Detection and Information Extraction

Detecting coherent objects such as cars and vehicles, as the models in the previous section do, is one thing. They tend to be made up of fairly uniform parts that are straightforward to describe: a chassis, some wheels, and so on. Detecting text is a somewhat different problem with quite a bit of variation, because it is made up of potentially many words, which ar themselves made up of characters, in one or more of a very large set of possible fonts and colors. Text also appears at many sizes and orientations against a variety of backgrounds. The models listed in this section are aimed at detecting such text in natural scenes.

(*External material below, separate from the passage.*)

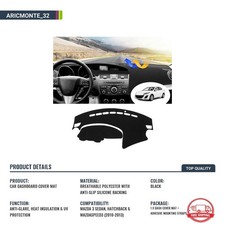 Cubierta De Tablero Antideslumbrante Para Mazda 3 Sedan Hatchback 2010-2013 picture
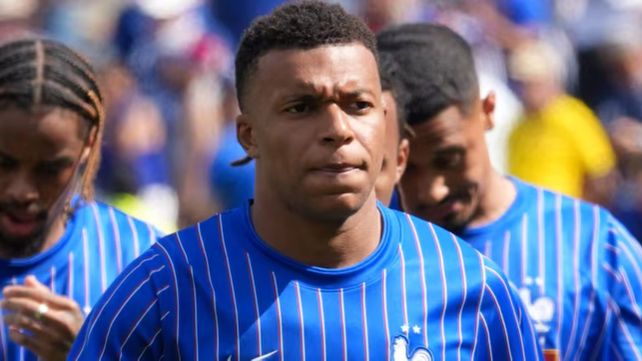 Uno de los objetivos de los delincuentes era Mbappé.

All of the detectors listed so far provide polygon representations of the objects they find in images. Sometimes this is not detailed enough and you need to categorize everything in the image on a per-pixel basis. This amounts to classifying every pixel in an image, taking into account the neighboring classifications so that regions are coherent. That is where segmentation models come in.

  • Mask R-CNN As its name suggests, this model builds upon the R-CNN series of architectures. It uses the same region proposal and classifier setup to obtain an object detection, and then runs additional convolutional layers within the detection box to generate a binary mask of object presence or absence.
  • Fully Convolutional Networks for Semantic Segmentation Since segmentation produces per-pixel classifications, you would like to be able to run it on images of arbitrary size without the model being sensitive to features such as aspect ratio or resolution. The authors of this paper achieve that criterion by using a fully convolutional architecture: a series of convolutional layers that feed into a pixelwise classifier. The information about neighboring pixels comes in through the convolutional features, which builds on the development of earlier models such as VGG and Alexnet.


The papers above provide a solid overview of both the recent past and curent developments in deep learning for computer vision. By understanding the related tasks of classification, object detection, and segmentation you will see the widespread usefulness of convolutional neural networks. These techniques can also be combined into composite models, such as detecting regions of text and then passing them to an optical character recognition (OCR) model.

After reviewing the fundamental techniques in these papers, some areas to explore further are training and labeling (understanding loss functions, transfer learning, active learning, and knowledge distillation), adversarial networks (GANs and adversarial perturbations), and online models (those that run at real-time frame rates, especially ones that can be deployed on mobile devices such as SqueezeNet and MobileNet).